Design/methodology/approach
This is comparative research that compared the performances of SME and manufacturing company stock portfolios in Indonesian, Chinese and Indian capital markets. The hypothesis examination of comparative test used one-way ANOVA technique on the performance of SME and manufacturing company stock portfolios in Indonesian, Chinese and Indian capital markets. One-way ANOVA test was used in the analysis to test the average difference of performance indices of SME and manufacturing company stock portfolios is in Indonesian, Chinese and Indian capital markets.
Findings
The performance of SME and manufacturing company stock portfolios in Indonesian capital market was not better than the performances of IHSG and LQ45 Index, the performance of SME and manufacturing company stock portfolios in Chinese capital market (SZSE) was better than the performance of Shenzhen Composite Index and the performance of Shenzhen A-Share Stock Price Index.

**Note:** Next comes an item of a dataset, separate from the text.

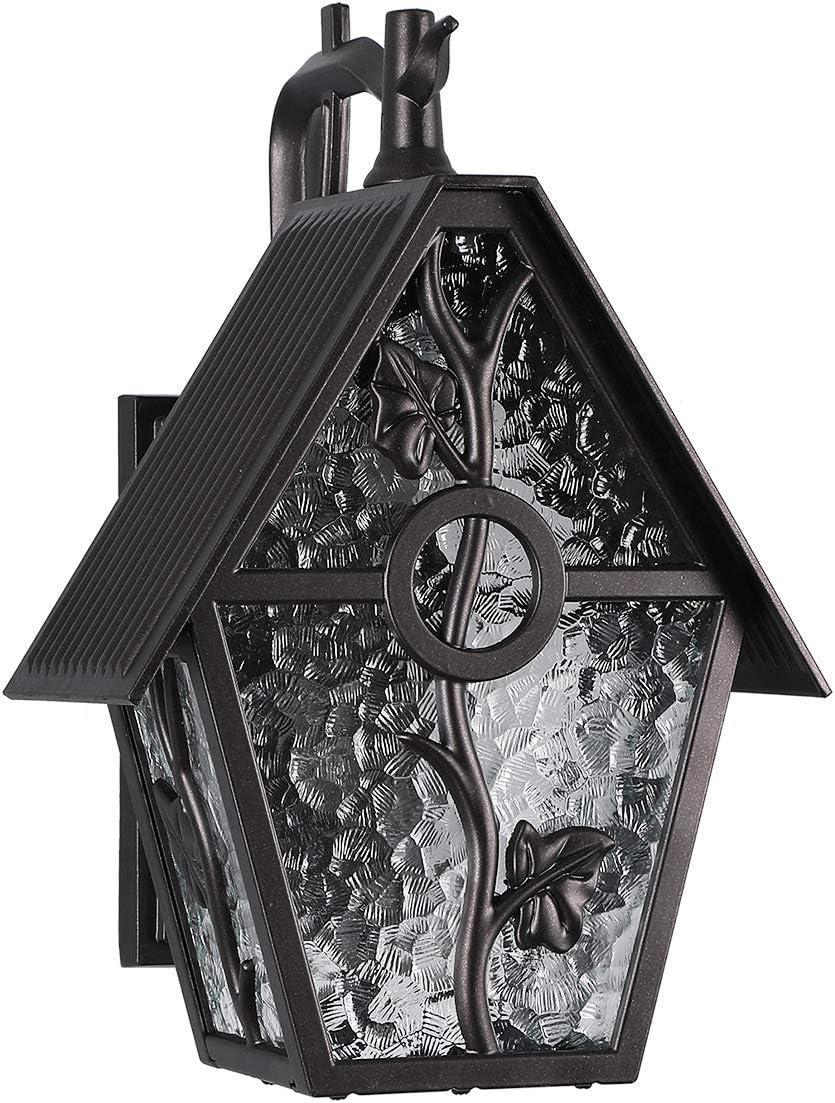 Rustic Outdoor Wall Lantern Exterior Wall Mounted Sconce Light Designer Style Outdoor Wall Light Fixtures for Home Patio Garden Garage Farmhouse Porch Lighting with Water Glass, Oil Rubbed Brown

The comparison of the performances of SME and manufacturing company stock portfolios in Indonesian, Chinese and Indian capital markets showed that the performance of SME and manufacturing company stock portfolios in Chinese capital market was the best and the performance of SME and manufacturing company stock portfolios in Indonesian capital market was the lowest.
Practical implications
The implication of this study was that SME and manufacturing company stock portfolios had relatively better performances in China and India, so investors should consider investing in SME and manufacturing company stocks. The performance of SME and manufacturing company stock portfolios in Indonesia was not able to exceed market and LQ45 portfolios, so the authority in Indonesia financial market should consider developing a special market for SME and manufacturing company to support the development of SME and manufacturing company in Indonesia and solve the problem of lack of funding source for SME and manufacturing company.
Originality/value
The originality of the present study is in the measurement of the performance of SME and manufacturing company stock portfolio by risk-adjusted return which returns per risk unit measured by Sharpe Index as a more beneficial measurement in measuring stock portfolio performance than average return. Comparative study of the stock portfolio performances of small medium enterprises and manufacturing company In Indonesian, Chinese and Indian stock markets, and object studies conducted in Indonesia, China and India.